[Data entries]
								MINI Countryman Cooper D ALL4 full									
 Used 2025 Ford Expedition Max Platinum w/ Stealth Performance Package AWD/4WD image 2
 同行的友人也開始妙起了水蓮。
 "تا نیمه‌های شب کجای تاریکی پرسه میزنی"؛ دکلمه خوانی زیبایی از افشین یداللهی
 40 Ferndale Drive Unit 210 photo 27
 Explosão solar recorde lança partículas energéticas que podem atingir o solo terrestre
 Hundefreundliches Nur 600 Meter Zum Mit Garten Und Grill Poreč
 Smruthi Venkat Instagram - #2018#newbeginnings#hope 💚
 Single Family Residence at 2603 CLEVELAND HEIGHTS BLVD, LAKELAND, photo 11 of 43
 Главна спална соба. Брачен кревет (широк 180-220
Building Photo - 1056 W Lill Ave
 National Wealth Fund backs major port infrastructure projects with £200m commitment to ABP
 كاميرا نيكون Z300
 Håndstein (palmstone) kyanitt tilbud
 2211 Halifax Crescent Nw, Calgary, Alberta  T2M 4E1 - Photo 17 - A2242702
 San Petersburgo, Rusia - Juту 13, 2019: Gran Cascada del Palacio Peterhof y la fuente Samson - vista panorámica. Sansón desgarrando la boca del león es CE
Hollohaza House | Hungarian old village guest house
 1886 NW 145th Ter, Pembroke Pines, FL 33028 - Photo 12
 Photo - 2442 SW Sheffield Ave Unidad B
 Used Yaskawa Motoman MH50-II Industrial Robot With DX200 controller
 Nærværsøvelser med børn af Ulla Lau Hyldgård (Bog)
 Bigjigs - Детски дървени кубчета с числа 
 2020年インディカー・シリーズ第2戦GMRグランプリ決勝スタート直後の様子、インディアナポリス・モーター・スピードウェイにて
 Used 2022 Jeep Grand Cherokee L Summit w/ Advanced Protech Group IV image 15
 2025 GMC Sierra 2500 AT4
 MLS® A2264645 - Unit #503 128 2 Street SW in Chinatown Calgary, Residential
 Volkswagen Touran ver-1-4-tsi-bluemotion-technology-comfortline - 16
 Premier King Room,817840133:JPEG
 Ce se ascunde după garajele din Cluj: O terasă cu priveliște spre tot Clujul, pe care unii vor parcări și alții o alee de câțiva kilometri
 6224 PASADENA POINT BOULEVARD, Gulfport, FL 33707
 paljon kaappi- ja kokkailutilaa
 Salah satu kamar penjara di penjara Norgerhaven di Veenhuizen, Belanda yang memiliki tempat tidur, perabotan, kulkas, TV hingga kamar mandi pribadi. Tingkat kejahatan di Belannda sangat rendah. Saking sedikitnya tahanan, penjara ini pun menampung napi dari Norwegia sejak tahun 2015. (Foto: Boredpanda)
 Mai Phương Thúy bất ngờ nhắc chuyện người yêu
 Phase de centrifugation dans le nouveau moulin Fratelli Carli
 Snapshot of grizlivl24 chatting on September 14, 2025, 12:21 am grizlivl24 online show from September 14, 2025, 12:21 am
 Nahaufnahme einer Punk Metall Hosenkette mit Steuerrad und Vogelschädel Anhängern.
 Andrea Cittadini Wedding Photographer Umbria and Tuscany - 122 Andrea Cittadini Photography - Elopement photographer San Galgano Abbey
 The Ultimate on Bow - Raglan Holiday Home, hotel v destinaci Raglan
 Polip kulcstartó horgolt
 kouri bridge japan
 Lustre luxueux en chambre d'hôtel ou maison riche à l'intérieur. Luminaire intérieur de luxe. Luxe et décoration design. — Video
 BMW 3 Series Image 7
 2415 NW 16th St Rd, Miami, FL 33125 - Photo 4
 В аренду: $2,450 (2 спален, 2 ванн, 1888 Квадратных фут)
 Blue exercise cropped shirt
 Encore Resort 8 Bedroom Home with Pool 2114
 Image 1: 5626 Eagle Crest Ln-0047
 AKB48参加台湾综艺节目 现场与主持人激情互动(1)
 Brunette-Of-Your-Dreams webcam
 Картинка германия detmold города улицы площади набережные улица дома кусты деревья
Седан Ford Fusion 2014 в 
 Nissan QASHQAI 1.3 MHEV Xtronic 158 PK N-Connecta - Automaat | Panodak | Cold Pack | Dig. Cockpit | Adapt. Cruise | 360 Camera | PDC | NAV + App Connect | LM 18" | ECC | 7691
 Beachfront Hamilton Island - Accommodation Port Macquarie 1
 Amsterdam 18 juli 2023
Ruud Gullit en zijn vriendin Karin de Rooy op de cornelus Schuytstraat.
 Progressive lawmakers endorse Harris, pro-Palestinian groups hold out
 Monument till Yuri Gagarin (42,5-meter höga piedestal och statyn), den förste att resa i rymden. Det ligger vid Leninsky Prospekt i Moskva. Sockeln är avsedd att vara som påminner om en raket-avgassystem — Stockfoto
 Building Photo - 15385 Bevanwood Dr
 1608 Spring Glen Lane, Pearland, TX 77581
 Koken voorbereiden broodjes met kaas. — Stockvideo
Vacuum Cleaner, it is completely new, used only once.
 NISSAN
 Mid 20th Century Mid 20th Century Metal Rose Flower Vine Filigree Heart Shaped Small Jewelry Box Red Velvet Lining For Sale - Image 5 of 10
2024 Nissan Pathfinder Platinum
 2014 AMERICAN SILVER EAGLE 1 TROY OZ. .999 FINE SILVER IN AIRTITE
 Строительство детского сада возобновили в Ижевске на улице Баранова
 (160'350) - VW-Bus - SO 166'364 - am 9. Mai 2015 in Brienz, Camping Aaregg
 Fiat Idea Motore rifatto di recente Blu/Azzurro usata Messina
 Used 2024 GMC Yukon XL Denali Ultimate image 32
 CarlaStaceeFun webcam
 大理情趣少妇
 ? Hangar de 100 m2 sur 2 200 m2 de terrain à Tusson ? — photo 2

How to complete this task:
The required answer is each line of the data in which the word "Building" appears.

Answer:
Building Photo - 1056 W Lill Ave
 Building Photo - 15385 Bevanwood Dr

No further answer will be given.